Partie de chasse au supermarché

Samedi midi. J’ai les crocs. En animal du XXIème siècle, je suis mon instinct et ouvre la porte du réfrigérateur. Un yaourt périmé solitaire sur le désert des étagères et un pot de ketchup à moitié plein allongé dans le bac à légumes. Pourquoi pas ? Après tout, ce n’est que de la tomate broyée avec du sucre. Malgré leur présence, je dois me rendre à l’évidence : c’est vide. Loin de m’avouer vaincu, j’ouvre le placard faisant office de garde-manger. Il doit bien rester un paquet de pâtes. Tout le monde a toujours un paquet de pâtes pour le sauver de l’inanition, pour parer l’imprévoyance. Je dois être un original. A part une conserve de maquereaux à la date de péremption depuis longtemps dépassée et de la poussière, rien. La faim glisse insensiblement vers l’irritation. Le creux de mon estomac se communique à mon esprit. Il n’y a plus qu’une seule pensée viable sur l’autoroute de mes neurones : MANGER !
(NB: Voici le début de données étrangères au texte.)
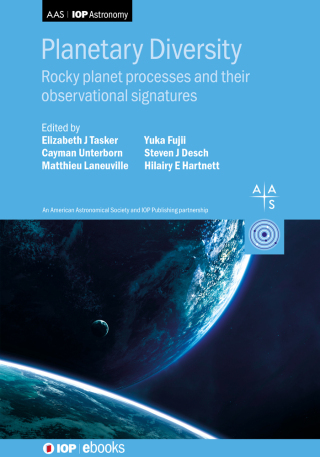 Cover image: Planetary Diversity 9780750321419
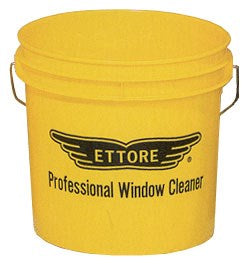 ETTORE STECCONE PRODUCTS, Ettore 3.5 gal Bucket Yellow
Comme une hyène autour d’une carcasse déjà rongée cent fois, je tourne en rond. Intérieurement, j’invective mon inconséquence. Inspirées par ma faim et attisées par mon agacement, les insultes pleuvent. Puis, lassé de ce cirque improductif — j’ai toujours la dalle, je décide d’agir. Mais pas un truc à court terme. Pas une solution facile qui ne remédierait en rien au néant qui hante mes placards. Oublié le kebab ou le fast-food vite englouti. Non, là c’est le moment des grands travaux. Trop longtemps repoussé, la nécessité m’oblige à me soumettre au cérémonial mercantile par excellence : faire les courses. Le plein ! Placards et réfrigérateur doivent dégueuler du nécessaire et du superflu.

J’échange mon vieux jogging d’intérieur contre un jean au fumet acceptable et un pull à peine froissé. Je passe rapidement dans la salle de bain et à grandes eaux, j’ordonne ma tignasse hirsute. A peu près présentable, j’enfile une veste, prend les clés de la bagnole et d’un pas décidé me dirige vers l’hypermarché le plus proche.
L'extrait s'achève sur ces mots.